Early work on telephones and desktop applications that used packet voice started in the mid-1980s. The Etherphone, developed by Xerox Parc in the 1987/88 timeframe, was an Ethernet-connected desktop phone sending packet voice over a local area network. RASCAL (1989) supported voice over Ethernet for gaming applications. NEVOT was a desktop application developed by Henning Schulzrinne in the early 1990s that was able to support packet voice for local phone calls and also conference calls.

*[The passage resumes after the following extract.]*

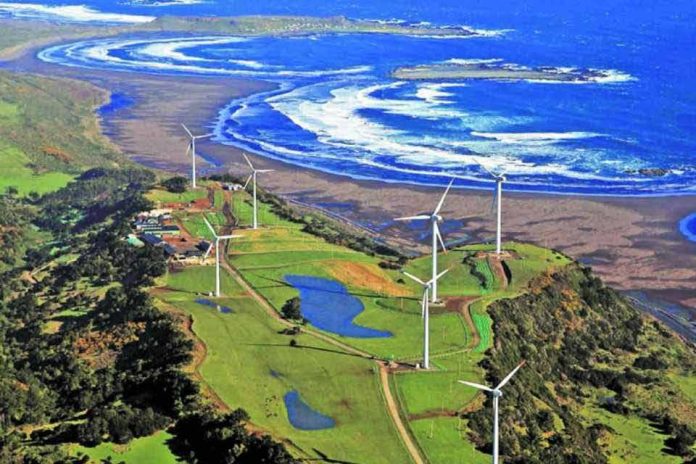 Golfo de Arauco Se Consolida como el Hub Estratégico del Eólico Marino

The late 1980s and early 1990s saw the development of Frame Relay, which used larger variable length packets that provided much more efficient data transport than ATM. This was applied to packet voice – Voice over Frame Relay (VoFR) – by Dowty Communications and others and standardized by the Frame Relay Forum.
NetFone (1991) was a voice/ meeting communications system using 32kbit compressed voice over UDP between Sun workstations.
Voice over IP
The IETF Real-time Transport Protocol – RTP – was developed by Henning Schulzrinne and Steve Casner and first published in draft form by the IETF in 1992. RTP was based on the earlier Network Voice Protocol (NVP) and other experimental packet voice protocols.

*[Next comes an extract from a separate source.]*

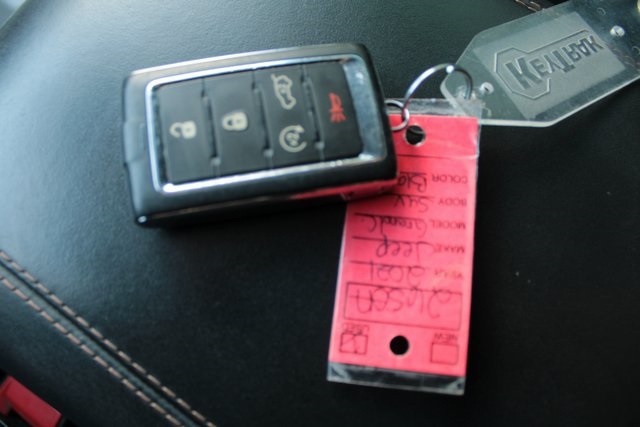 used 2021 Jeep Grand Cherokee L car, priced at $37,057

In the mid-1990s, numerous Voice over IP designers and products emerged. One example is Selsius, who developed an early IP phone and were acquired by Cisco in 1998. Selsius also developed the SCCP “Skinny Client Control Protocol” signaling protocol, which is still used by Cisco devices although SIP support has grown over the last 20 years.
Early drafts of the Session Initiation Protocol (SIP) were published by the IETF in December 1996, becoming an RFC in March 1999. During the last 20 years there have been numerous updates and extensions to the SIP protocol.
For VoIP to be used in mission-critical networks and services, it is important that service quality can be measured reliably and accurately. The key protocols for achieving this are RTCP XR (RFC 3611) and the SIP Voice Quality Reporting protocol (RFC 6035), which enable voice quality to be directly measured inside VoIP endpoints (typically using VQmon) and reported to central management systems.
Voice over IP is now widely adopted and is at the core of most modern telecommunications networks. VoIP is typically implemented in mobile or desktop phones and packet voice is in use throughout the connection. It took over 100 years from the early experiments with sampled speech by Willard Miner to the early 2000s when VoIP adoption started to grow. As with many “revolutionary” technologies that suddenly appear, this has been a migration involving many incremental steps.